Located in the northern Yamagata Prefecture, Tohoku used to be known as Japan’s ‘black-sheep’ region. Remote, rugged, and run by outlaws who resisted rule, the area was not accepted into the Japanese nation-state until the 12th century.
Polar winters from December to March further isolated the area, cutting it off from neighboring regions. Modern roads and bridges now make the area easy to reach by car from Yonezawa Station, a short Shinkansen (bullet train) ride from Japan’s capital city, Tokyo.

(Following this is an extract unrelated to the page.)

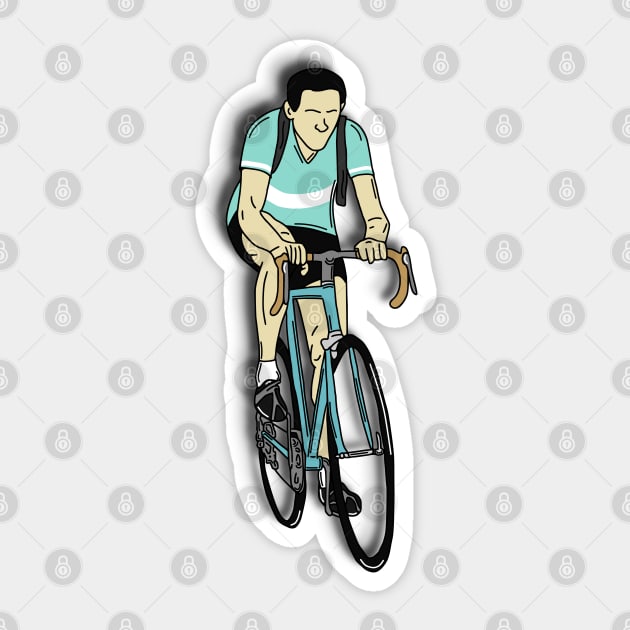 Cycling Legends: Fausto Coppi (Bianchi Team jersey) Sticker by p3p3ncil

Standing knee-deep in snow it’s hard to imagine this silent wonderland was once home to a lawless, ‘wild west’ society. The valley stretches around us, a cape of soft crested peaks dusted in snowflakes. Rice paddies lay hidden under a duvet of thick snowfall, distant villages peak out from the winter, and, besides our group of seven snowshoers, there’s not a soul in sight.
Unlike skiing, anyone with a good base fitness can snowshoe with little training, as is proven by a sprightly 77-year-old gentleman on our tour who has no problems keeping up.
We hike past cedar trees with branches bending under snow, pause at a one-kilometer signpost certain we’ve hiked further, and continue to the summit where Tetsuo shovels out a snow bench and treats us to hot tea, coffee and okaki (dried plum).
“It’s much easier going down,” says Tetsuo with a wink. On the descent, he digs a ‘slide’ through a two-meter-high snowdrift. A slight push sees me flying down the snow-fantastic quietude—a middle-aged woman abandoning all restraint. At the bottom, we watch dusk flicker over fresh snow until it’s time to get acquainted with Japan’s oldest tradition—onsen bathing.
Keen to thaw out, I shuffle to the red curtain in slippers two sizes too big and drop my inhibitions at the door. There’s no privacy here. A line of shower heads hang on the wall like old dial-up telephone receivers. I clean myself from head-to-toe, as is the correct etiquette, before heading to the outside onsen.
It takes a studied level of Zen mindfulness to walk, totally naked, through icy snow and I skid and stumble en route. Making it to the bath, I sink blissfully into steaming water. It’s just me. Moonlight illuminates sleet falling across my face as I bathe in the hot mineral water, full of sulphate, sodium, potassium and magnesium, known to soothe the body and slow the mind.
With a prayer to the weather gods, we board the first of two ropeway cable-cars meant to get us to the top of the 5,700-foot (1,736 meter) peak. But the wind is too strong for the second car to operate. So from the 2,800-foot mark, it’s snowshoe time.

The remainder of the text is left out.